ABOUT THIS EXERCISE: Omit any pictures, and restate word for word only the lines from the one with "Magnet Flexible Vintage" through the end of the data below.

---------- TASK DATA

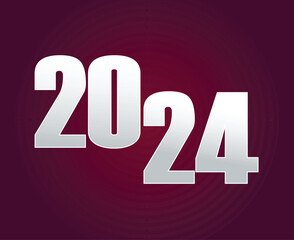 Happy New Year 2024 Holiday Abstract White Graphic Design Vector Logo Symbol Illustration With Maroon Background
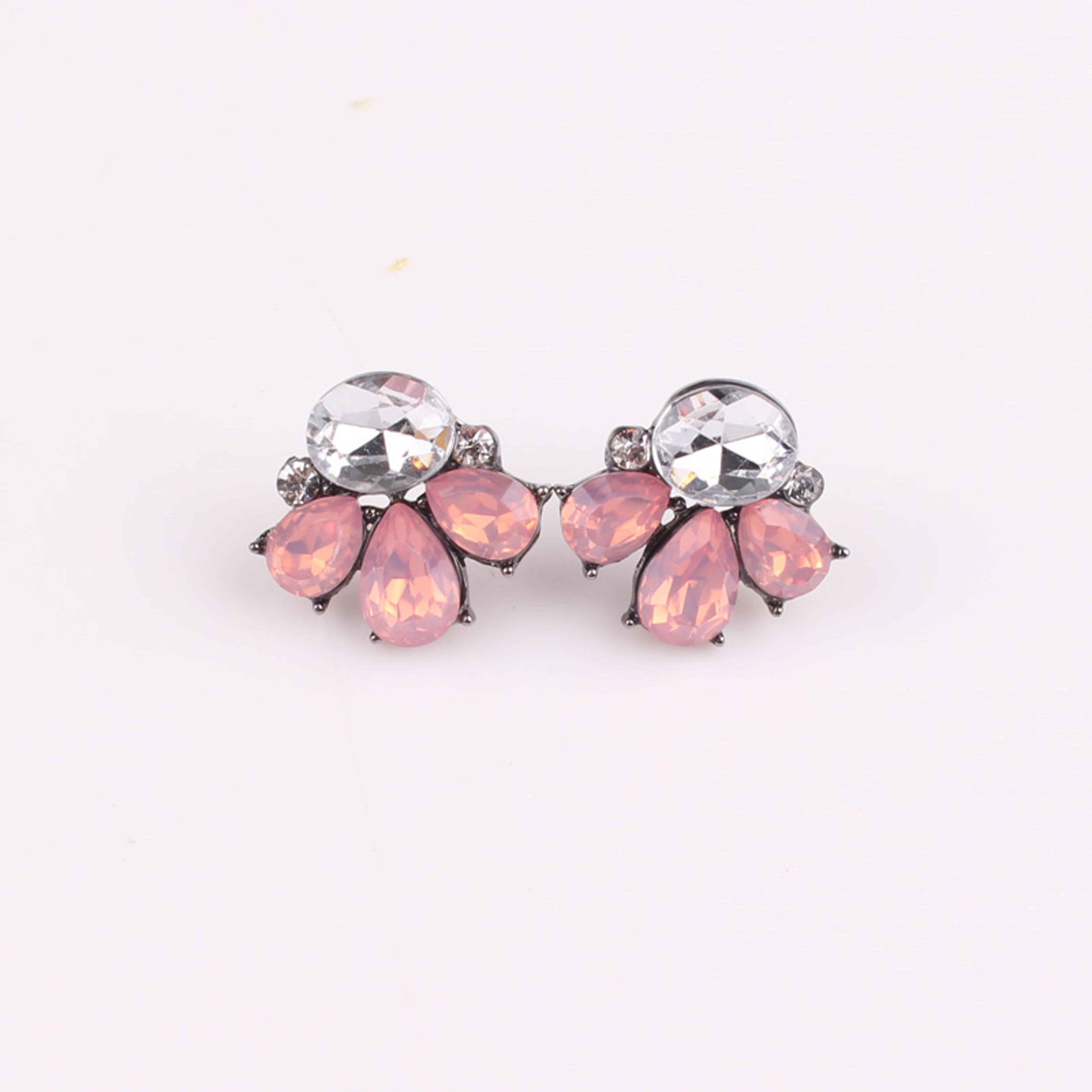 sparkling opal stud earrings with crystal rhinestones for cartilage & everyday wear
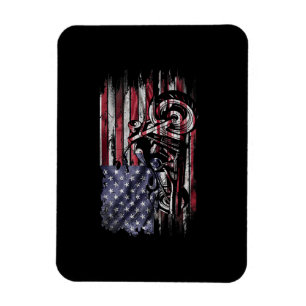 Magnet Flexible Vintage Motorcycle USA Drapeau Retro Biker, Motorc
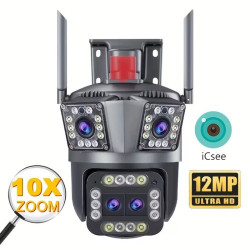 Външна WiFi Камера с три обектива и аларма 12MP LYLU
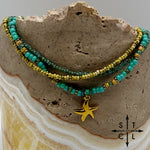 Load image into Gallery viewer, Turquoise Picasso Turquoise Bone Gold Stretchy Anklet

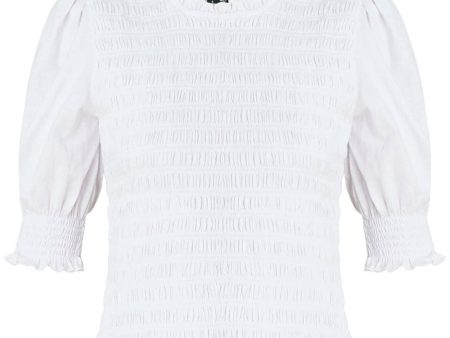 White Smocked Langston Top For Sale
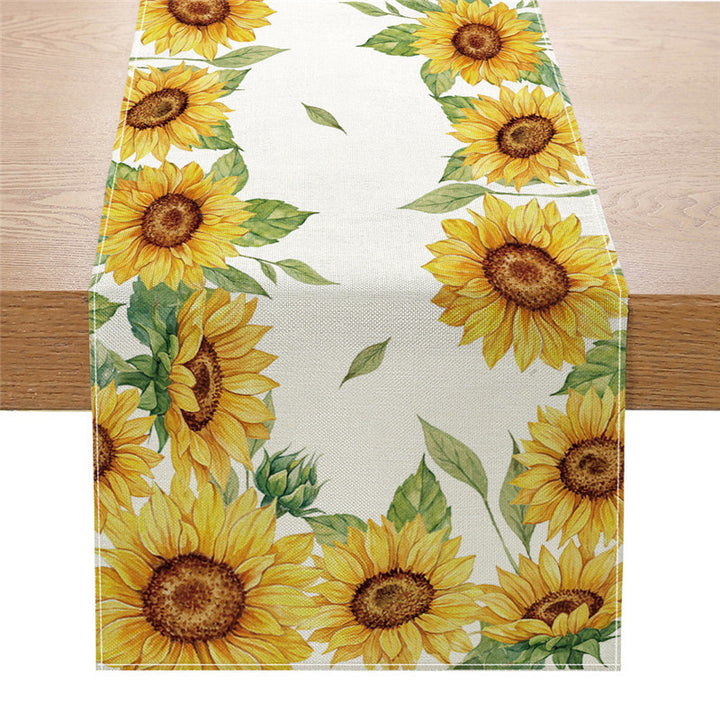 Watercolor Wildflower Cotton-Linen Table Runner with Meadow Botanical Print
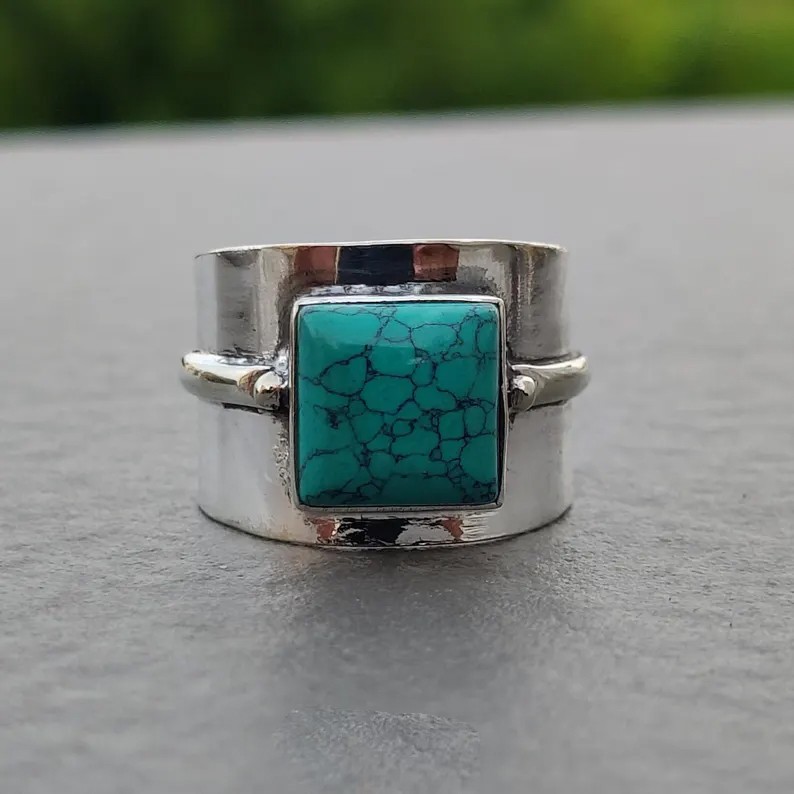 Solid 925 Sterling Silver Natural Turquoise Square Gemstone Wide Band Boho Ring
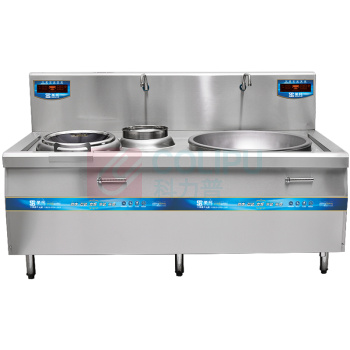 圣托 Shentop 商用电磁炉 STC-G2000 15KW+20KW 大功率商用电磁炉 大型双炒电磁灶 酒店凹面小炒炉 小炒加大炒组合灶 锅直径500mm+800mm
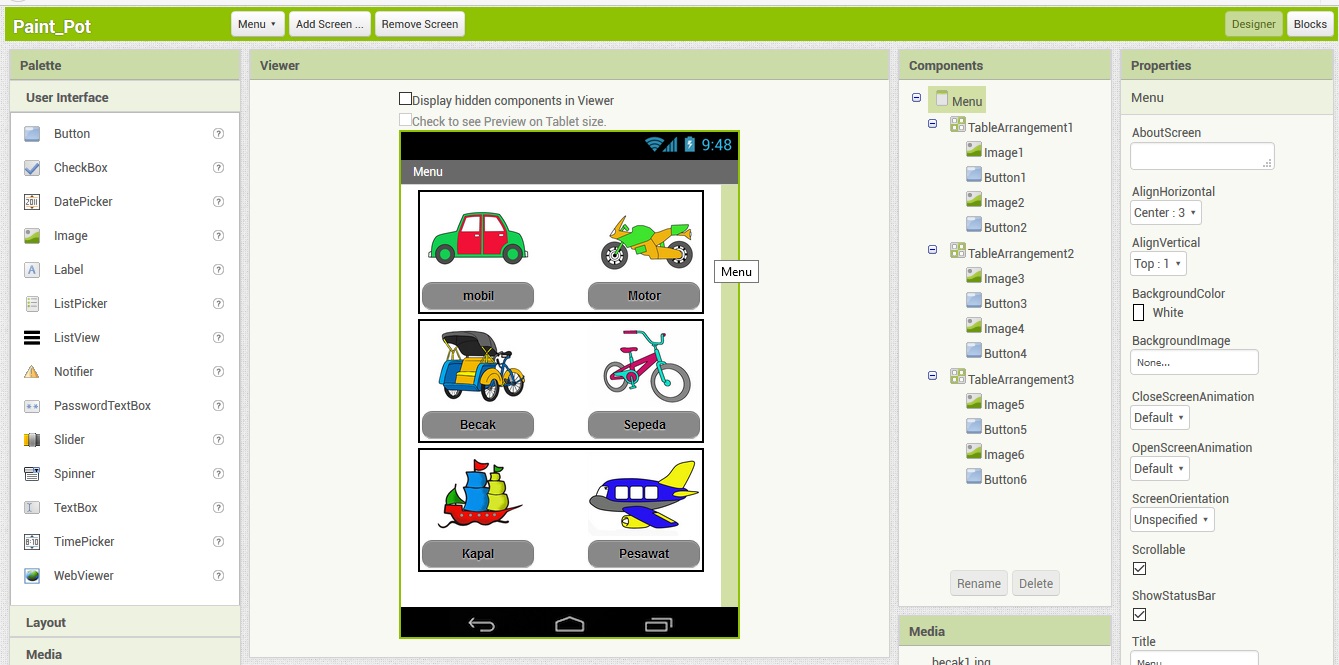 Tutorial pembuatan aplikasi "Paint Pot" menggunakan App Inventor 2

--------------------

RESPONSE:
 Magnet Flexible Vintage Motorcycle USA Drapeau Retro Biker, Motorc
 Външна WiFi Камера с три обектива и аларма 12MP LYLU
 Load image into Gallery viewer, Turquoise Picasso Turquoise Bone Gold Stretchy Anklet

 White Smocked Langston Top For Sale
 Watercolor Wildflower Cotton-Linen Table Runner with Meadow Botanical Print
 Solid 925 Sterling Silver Natural Turquoise Square Gemstone Wide Band Boho Ring
 圣托 Shentop 商用电磁炉 STC-G2000 15KW+20KW 大功率商用电磁炉 大型双炒电磁灶 酒店凹面小炒炉 小炒加大炒组合灶 锅直径500mm+800mm
 Tutorial pembuatan aplikasi "Paint Pot" menggunakan App Inventor 2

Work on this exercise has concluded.